GIRL IN­TER­RUPTED

Rooney Mara on the film that threw a wrench in her best-laid plans.

ELLE (Canada) - - Radar -

In 2015, Rooney Mara was turn­ing 30, and she had a plan: She was mov­ing house, and then she was go­ing to take a break from mak­ing movies and spend her birth­day in In­dia, a coun­try she has al­ways wanted to visit. What she (“adamantly!”) was not go­ing to do was work, which is why she re­ally only read the script for Lion, out now, as a favour. “It was so beau­ti­ful, and such an in­cred­i­ble story, and I was like, ‘I’m still not do­ing it, but at least I’ll speak to Garth [Davis, the direc­tor],’” she ex­plains. “Af­ter five min­utes with him, I was like, ‘I’m def­i­nitely do­ing this.’ I’m so happy I did.”

The story that grabbed Mara is this: Lion is based on the true tale of a boy named Sa­roo, who wan­ders from his home vil­lage in In­dia, loses touch with his fam­ily, is adopted by an Aus­tralian cou­ple and even­tu­ally, as an adult, tracks down his birth mother us­ing Google Maps. The role Mara fell for (and about which she made a joke that it was “an ac­tual sup­port­ing role,” in ref­er­ence to the con­tro­versy about her Oscar nom­i­na­tion last year, when her main-char­ac­ter role in Carol made the Best Sup­port­ing Actress short list) is that of Lucy, the girl­friend of the adult Sa­roo (played by “When did he get so hot?” Dev Pa­tel).

Eigh­teen months af­ter Mara’s de­ci­sion to aban­don her big birth­day sab­bat­i­cal, we’re with the Amer­i­can actress in a Toronto ho­tel room. It’s a few days af­ter the film’s premiere at the Toronto In­ter­na­tional Film Fes­ti­val (TIFF). While Mara seemed aloof and a lit­tle un­com­fort­able walk­ing the red car­pet, to­day she’s con­fi­dent and clever (and dev­as­tat­ingly cool, with her hair slicked back in a bun). The only in­di­ca­tion this whole movie-star lark might not be en­tirely her thing is her ner­vous fid­get­ing with a sil­ver ring, which she puts on and takes off on a loop dur­ing our chat. (Later, she con­fesses to a dis­com­fort with red car­pets in par­tic­u­lar: “The first year at TIFF no one knew who I was, so no one was look­ing at me on the red car­pet. I still feel un­com­fort­able but in a much dif­fer­ent way. Now, the fear is more ‘real’—peo­ple are ac­tu­ally look­ing at me and judg­ing me so it’s a ra­tio­nal fear.”)

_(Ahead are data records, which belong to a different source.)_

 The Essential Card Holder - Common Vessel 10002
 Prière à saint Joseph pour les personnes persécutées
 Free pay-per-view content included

Mara is a thought­ful and con­sid­ered ques­tion an­swerer. When asked whether she be­lieves that fate guides her life, she thinks for a mo­ment. “It’s weird be­cause I have two dis­tinct sides: One is very log­i­cal and grounded, and the other is very much in fairy­land,” she says. “I be­lieve in des­tiny, in a way, but I also be­lieve in free will and that we are the mas­ters of our own fate. But I be­lieve there is some pull that the uni­verse has in where we are sup­posed to be and what we are sup­posed to be do­ing.”And then she laughs: “I don’t want to sound kooky, though! I am an in­tu­itive per­son, and that’s how I make my de­ci­sions. Ev­ery time I don’t fol­low that feel­ing, it leads me to the wrong thing or some­thing that doesn’t turn out good.”

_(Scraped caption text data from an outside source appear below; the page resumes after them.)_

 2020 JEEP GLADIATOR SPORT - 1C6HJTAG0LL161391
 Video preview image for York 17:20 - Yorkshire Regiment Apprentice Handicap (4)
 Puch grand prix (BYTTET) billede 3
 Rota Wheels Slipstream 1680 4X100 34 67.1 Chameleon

And maybe it’s that ex­pe­ri­ence that leads Mara to give a pre-emp­tive “No!” when the idea of ever be­ing in a rom­com comes up, or be­ing in a movie about foot­ball, given her fam­ily’s in­volve­ment in the sport. (The Maras are part own­ers of the New York Gi­ants.) “I love sports movies; I love an un­der­dog story,” she says. “But I would stay away from be­ing in one be­cause [be­ing in­ter­viewed] would be very painful for me be­cause that’s all peo­ple would want to know about.”

In Lion, Lucy knows Sa­roo when he is liv­ing in Aus­tralia—which means, iron­i­cally, that Mara was one of the few ac­tors work­ing on the film who didn’t get to shoot in In­dia. “I still haven’t been there!” she says. “But I’m go­ing to go next year dur­ing my time off.” Un­less the uni­verse has other plans—right, Rooney?